GALEN.

GALEN. De la raison de curer par evacuation de sang.

Lyon, chez Sulpice Sabon pour Antoine Constantin, [1541]

£3,750.00

FIRST EDITION thus. 8vo. pp. 63 [i]. A-D8. Roman letter. Sabon’s woodcut printer’s device on title, fine large historiated incipit initial and smaller white on black historiated initials, C19th label with shelf mark on pastedown, bibliographical note on fly concerning the woodcut initials. Very light age yellowing. A fine copy, crisp and clean, beautifully bound in dark blue morocco by Chambolle-Duru, monogram gilt stamped to centres of covers, spine with raised bands, gilt lettered, edges double gilt ruled, inner dentelles richly gilt.

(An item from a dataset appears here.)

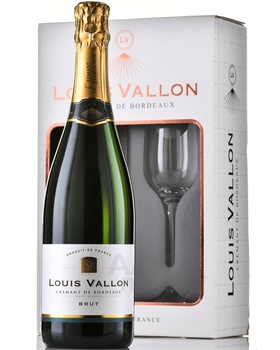 Louis Vallon Cremant de Bordeaux - вино игристое Луи Валлон Креман де Бордо 0.75 л в п/у + 1 бокал белое брют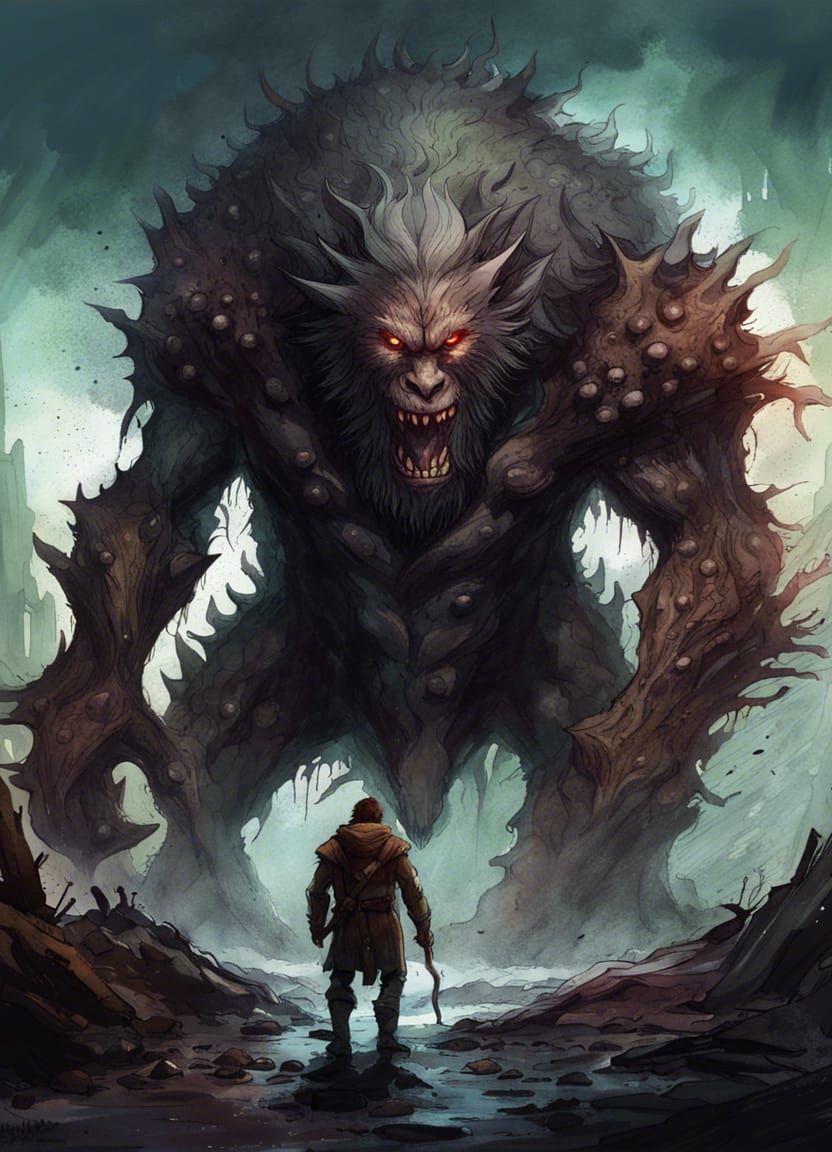 Hero Confronts Grotesque Werewolf in Digital Watercolor Art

First separate edition of this French translation by Pierre Tolet of Galen’s major work on bloodletting, the imprint was shared and published simultaneously by Etienne Dolet. Pierre Tolet or Petrus Toletus (1502-1586) was a French doctor who pioneered, with Jean Canappe, the transmission of medical and surgical knowledge in the French language. He studied medicine in Montpellier (where he was a fellow student of Rabelais), before practicing at the Hôtel-Dieu in Lyon eventually becoming Dean of the faculty. He set up a teaching program in French, with daily visits by students to the hospital with patients and created a single training course for doctors, barbers and apothecaries. A friend of Rabelais, he was also a leading figure in Lyon’s cultural life and a member of an influential circle of scholars (Barthélémy Aneau, Maurice Scève, etc.) He was one of the great popularisers of medical knowledge of his time, and was also a pioneer of the precedence of invention and discovery over received authority. “Pierre Tolet is known to us mainly as one of the actors performing the ‘Morale comoedie de cellui qui avoit espousé une femme mute’ (by Rabelais) at Montpellier. His importance goes however beyond the fact that he is mentioned by Rabelais. He was in fact one of the first men to demand the use of the French language in medicine.” C. A. Mayer. ‘Pierre Tolet and the Paradoxe du Vinaigre’.

Etienne Dolet played a major role in the publishing of these texts, encouraging both Tolet and Canappe in their translations, as he understood the significance of such a project, which was still radical in France at this period. Tolet leveraged the prestige of his training at he University of Montpellier to introduce the practise of teaching and writing in French at Lyon. It seems Tolet chose this classic text by Galen on bloodletting for translation as he felt it was an indispensable text in the practise of medicine. The history of bloodletting derives from Hippocrates who believed that existence was represented by the four basic elements—earth, air, fire, and water—which in humans were related to the four basic humors: blood, phlegm, black bile, yellow bile. Being ill meant having an imbalance of the four humors. Therefore treatment consisted of removing an amount of the excessive humor by various means such as bloodletting, purging, catharsis, diuresis, etc.. Galen in his treatise on the subject declared blood as the most dominant humor and under his huge influence the practice of venesection gained even greater importance in the history of medicine.

USTC. 29673 Baudrier II, 30. Brunet Suppl. I, 528. Gultlingen. Welcome. Durling. Hiers of Hippocrates. Osler.